意味分節システムを発生させ、創発させ、進化させること。

そのためには「正解」があらかじめ与えられていないのかもしれないという恐るべき可能性に戦慄しつつ、自在な言い換えを試し続ける比喩の力が、私たちの日常のリアリティを再生産し続けるコミュニケーション・メディアの中に組み込まれなければならない。

意味の最小単位である対立する二項関係の間で、どちらとも言えない曖昧ない中間状態を維持しつつ、ひとたび未知の何かに遭遇した瞬間に、素早くそれを「どちらか」に判別して応答する。このシンボルの結合を曖昧なままオープンにしておける能力こそが人類の知性のエッセンスなのかもしれない。

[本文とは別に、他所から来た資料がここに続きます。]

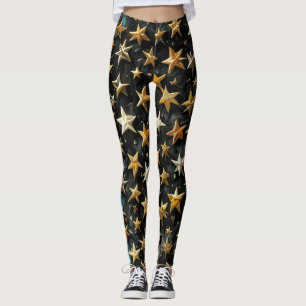 leggings de bandera de estados unidos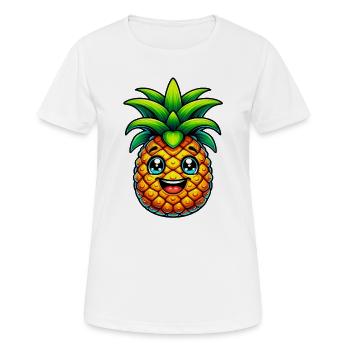 Ananas - T-shirt respirant Femme - blanc - Devant - AI Model Female 172 dark (172cm)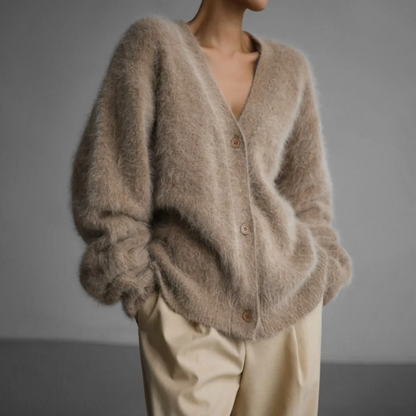 Stylish and Comfortable Women's Plush Cardigan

人類の知性の最大の強みは、「正解を決めるけれど決めない」「正解を決めないけれど決める」という曖昧な宙ぶらりん状態を保ちつつ、周囲の環境を観察しながら最適解を変更し続けることができる点にありそうである

二分心の沈黙後に花ひらいた「比喩」による創造

比喩の言葉は、神々が沈黙してしまったところでも、それでも生き続ける人々に新たな意味を提供したのであった。ジェインズ氏は次のように書いている。

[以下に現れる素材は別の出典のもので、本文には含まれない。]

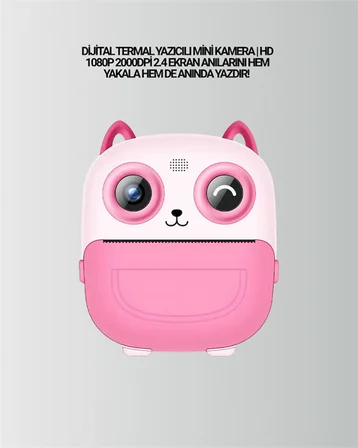 2.4” Ekranlı Mini Kamera – 1080p Kayıt + Mürekkepsiz Yazdırma - Lisinya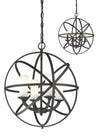 Aranya 4 Light Pendant in Bronze Finish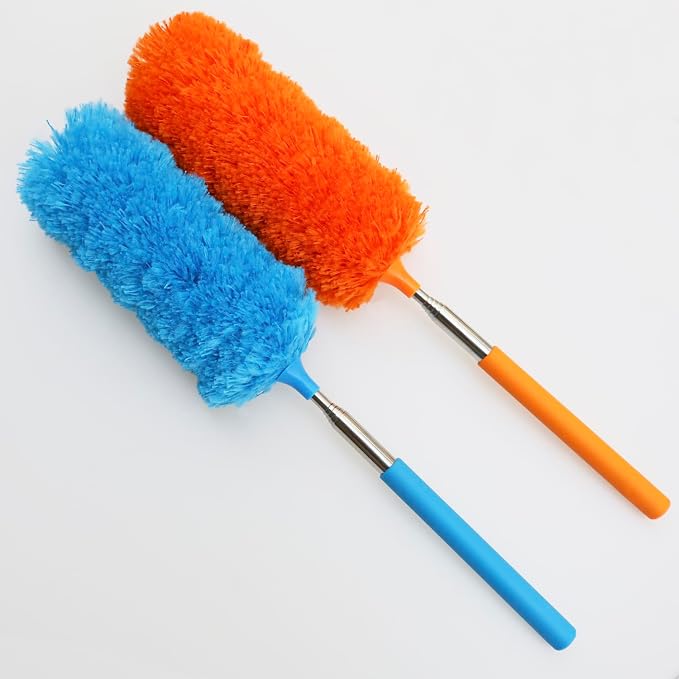 2 Pack Small Washable Microfiber Feather Duster, Microfiber Head, Cleaning Tool - Image 4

「混乱がもたらす試練に傲然と応じたのが偉大な叙事詩であり、難民の野営地を転々とする吟じ手が詠唱する長大な物語が、失われた心の拠り所を取り戻そうとする新たな流民に、離散前の過去との熱烈な一体感を呼び起こしたことは十分に考えられる。詩とは、未発達な心の中で溺れかかっている人間が取りすがる筏なのだ。[…]荒廃した社会の混乱状態の中で詩の持つこのような意義によって、ギリシアの意識は異彩を放ち、今なお私たちの世界を啓蒙する輝かしい知性の光となった。」(『神々の沈黙』p.306)

ジェインズ氏は初期の「意識(という比喩)」の様式を探るために、古代のいくつかの言葉の意味の変化、象徴作用の変化を丹念に追いかけていく。

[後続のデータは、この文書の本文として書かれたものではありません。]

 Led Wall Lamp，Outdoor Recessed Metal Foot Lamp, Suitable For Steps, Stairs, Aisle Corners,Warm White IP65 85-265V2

時間に空間性を持たせる基本的比喩や、精神的空間の中の人格のような内面的ヒュポスタシスの基本的比喩が誕生し、日常生活の導き手や後見人の役目を果たすようになった」(『神々の沈黙』p.339)

例1) Thumos

二分心時代には「外部から知覚されるままの活動」を意味する語であったという。これが「「器」のようなものを言外に匂わす比喩」になり、誰かの「thumos」に「活力を入れる」といった表現が出てくるという。

ここに「胸の中」のような「想像上の「空間」」が生み出される。これが内面の空間に喩えられる意識の始まりである。

例2)Phrenes

二分心時代には「肺」を表す語だったものが、人体の周囲の状況に応じて変化する「呼吸」というニュアンスを得、そこからさらに”phrenesが「出来事を知覚する」”という比喩が生まれる。この比喩によって、phrenesは比喩的に知覚の主体や人格のようなものという<投影連想>を得る。

ジェインズ氏は他にもnoospsycheについても同様の検討を行なっている。ご興味ありましたらぜひ文献に当たってみてください。

こうした比喩たちが、<心の空間>の中に「「いろいろな時間」を一つにまとめて納め、「nose」の「目」を使って自分や自分の世界の中を「見る」」というような言い方を可能にする(『神々の沈黙』p.347)。

この比喩としての、例え話としての<心の空間>に対して、そこに「格納されるもの」「入り込むもの」という類の比喩が登場する。それが「psyche」であるとジェインズ氏は書く(『神々の沈黙』p.349)。いわゆる「魂」である。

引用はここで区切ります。